With the end of Dennard scaling, software must become more parallel to exploit microprocessors that offer more, instead of faster, execution contexts. General-purpose languages and systems provide the shared-memory abstraction, which is powerful and easy to understand — but achieving both correctness and scalability is notoriously hard. A fundamental problem is that shared-memory languages and systems provide weak or undefined behavior for all parallel programs that are not perfectly synchronized.
This talk motivates the necessity of putting languages and systems on a solid foundation by providing strong end-to-end memory consistency models. I’ll describe our ongoing software- and architecture-based approaches for providing strong memory consistency. An important element of our solutions is that providing strong consistency enables us to rethink the design of other system features such as cache coherence. Overall, our work suggests that practical strong consistency is achievable and that it offers benefits that have not previously been realized.

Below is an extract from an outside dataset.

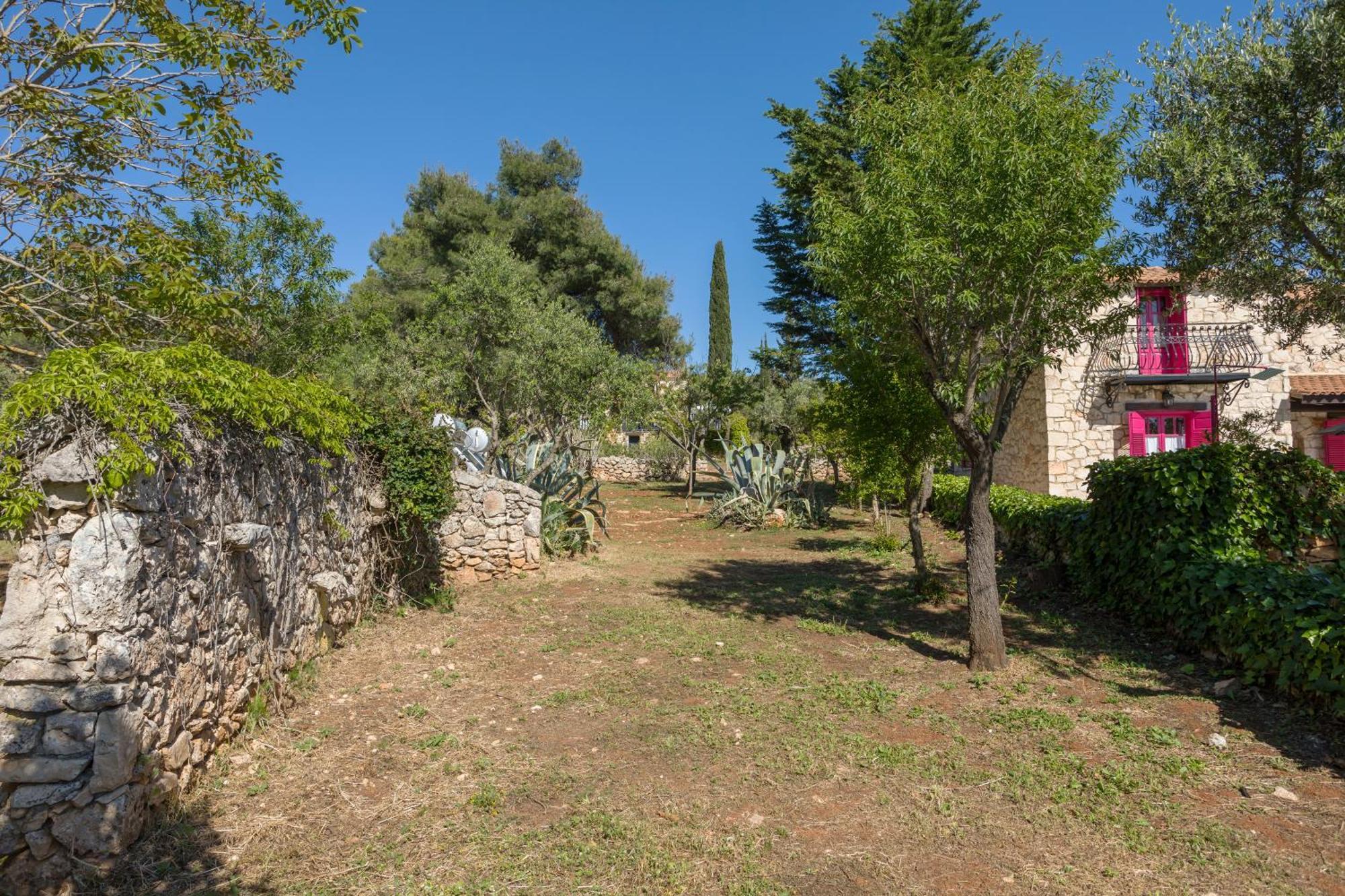 Aresti Mountain Resort Agios Leon エクステリア 写真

Michael Bond is an associate professor at Ohio State University. He did his Ph.D. and a postdoc at UT Austin, advised by Kathryn McKinley. In collaboration with his Ph.D. students and others, Mike’s research addresses the challenges of achieving reliable and scalable parallel systems. His work has received an OOPSLA Distinguished Paper Award, OOPSLA Distinguished Artifact Award, and ACM SIGPLAN Outstanding Dissertation Award.